Dayang Island
- Interactive map of Dayang Island

Geography
- Location: South China Sea
- Coordinates: 2°28′28″N 104°30′10″E﻿ / ﻿2.47444°N 104.50278°E
- Archipelago: Aur Islands
- Area: 1.31 km^{2} (0.51 sq mi)

Administration
- Malaysia
- State: Johor
- District: Mersing
- Mukim: Aur Islands

Additional information
- Time zone: MST (UTC+08:00);
- Postal code: 86800

= Dayang Island =

Island in Mersing District, Johor, Malaysia

Dayang Island (Pulau Dayang) is an island in Mersing District, Johor, Malaysia. It is one of the three islands of the Aur Island chain. The name of the neighbouring island, Aur Island, means "bamboo island" in Malay and both islands have been known to Chinese sailors for centuries. A map from the 17th century identified them as East and West Bamboo islands.

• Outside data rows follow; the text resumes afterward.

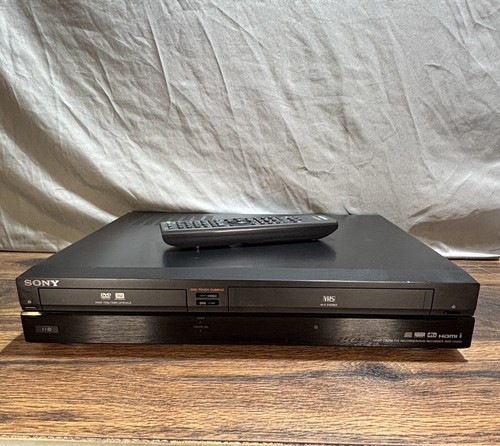 Sony rdr vx555 vhs - vhs, vcr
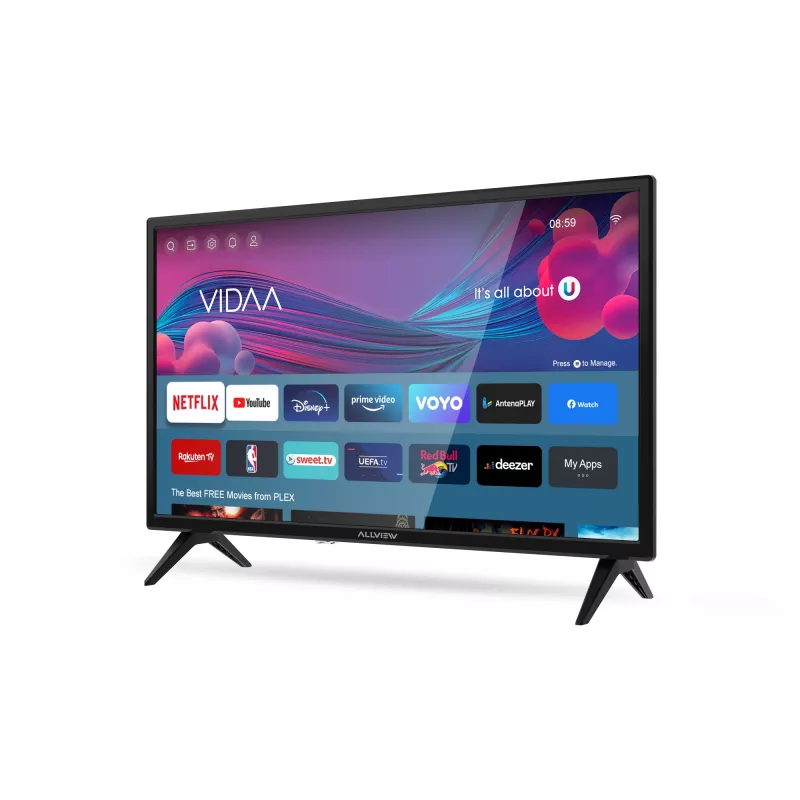 TV LED 24 cale 24IPLAY6000-H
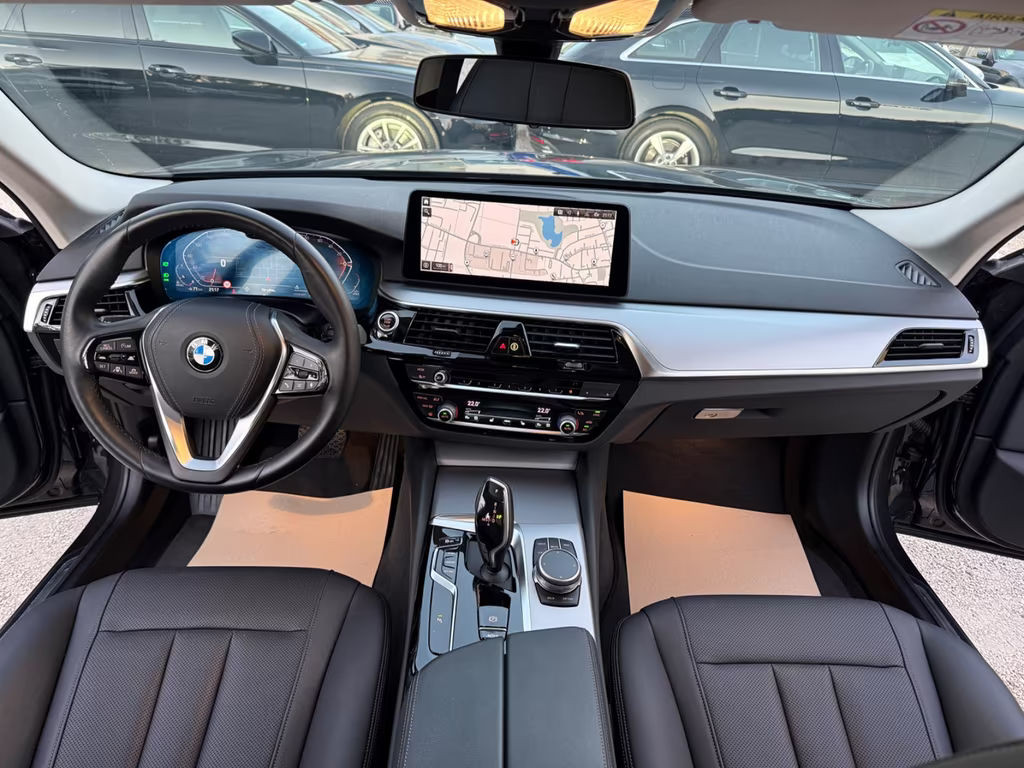 BMW 5 Serie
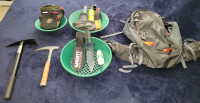 Metal Detecting Equipment and Tools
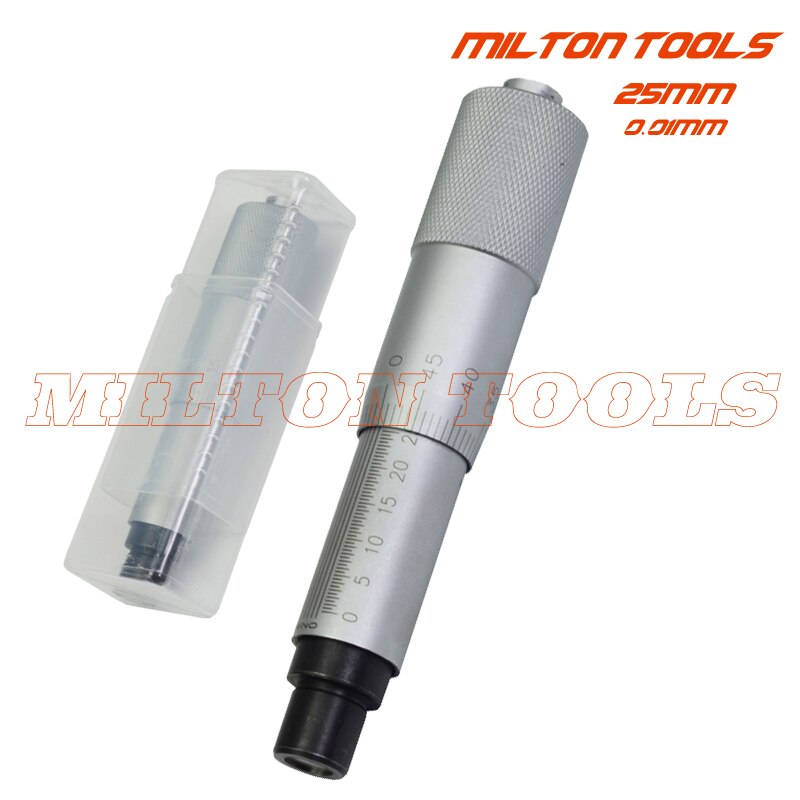 0-25mm micrometer head 0.01mm micrometer heads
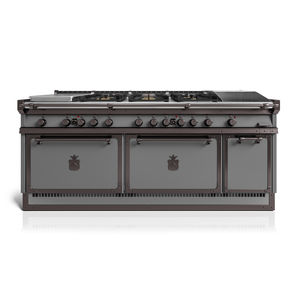 cuisinière à gaz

This is a small island with two resorts. Being the furthest island in West Malaysia, it takes three to four hours by charter boat from Mersing town. Dayang and Aur islands can be visited from March to November. Travel from December to February is not recommended, when the sea is controlled by the northeast monsoon and navigation from the main coast of Malaysia is generally closed.